Selected tracks: Remember, Wait Until Tomorrow, She’s So Fine, One Rainy Wish, Little Miss Strange, Long Hot Summer Night

Nonostante il forte retaggio blues, Jimi Hendrix non era affatto insensibile al fascino delle proposte più in voga della pop music degli anni ’60. Lo testimoniano la profonda stima per Bob Dylan e le cover di pezzi come Wild Thing dei Troggs. E il catalogo hendrixiano – altra circostanza poco osservata – è costellato di pezzi che in alcuni casi non stonerebbero in una compilation di Mersey Beat. A volte tale filiazione è palese (come in She’s So Fine, scritta non a caso dal bassista Noel Redding, inglese), altre volte si basa su un più generico songwriting pop e “catchy” (come forse lo definiremmo oggi) che non disdegna le pose più “commerciali” e da classifica della musica anni ’60.

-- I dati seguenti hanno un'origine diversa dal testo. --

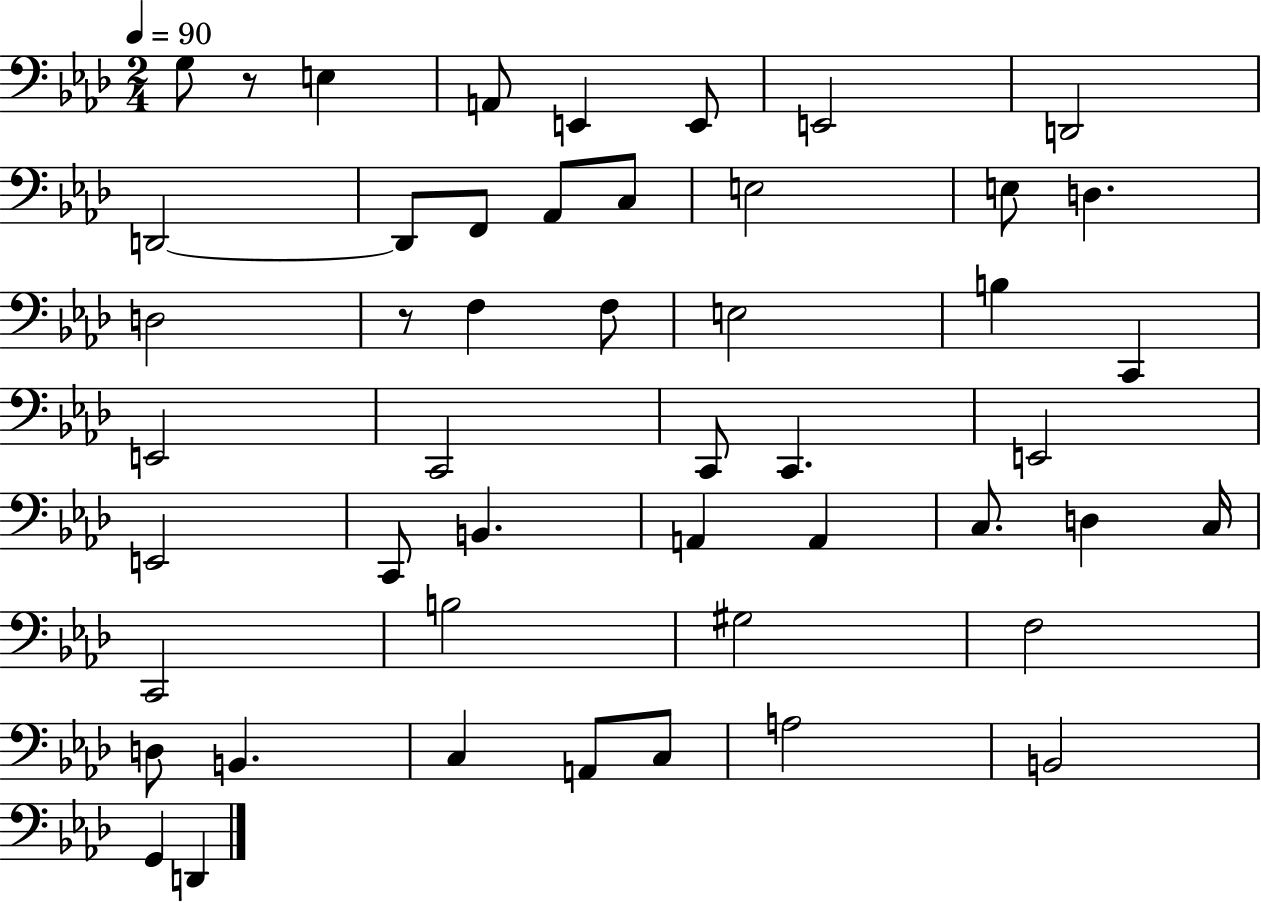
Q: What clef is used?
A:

© David Redfern / Getty Images

5. Cosmic visions

Selected tracks: Third Stone from the Sun, If 6 Was 9, Voodoo Chile, Burning of the Midnight Lamp, 1983… (A Merman I Should Turn to Be), All Along the Watchtower

In alcuni casi l’afflato psichedelico di Jimi Hendrix, inizialmente nato sulla spinta delle tendenze di quegli anni, è talmente visionario che finisce per anticipare sonorità che nel decennio successivo sarebbero state chiamate “cosmiche”. Questo è un marchio sensibilmente pervasivo nell’ultimo lavoro con la Experience, Electric Ladyland, ma già presente nell’esordio Are You Experienced?. La “schizofrenica” Third Stone from the Sun, con i suoi repentini cambi di atmosfere e gli inquietanti ululati di feedback, è davvero un viaggio dei sensi in giro per il sistema solare, andata e ritorno.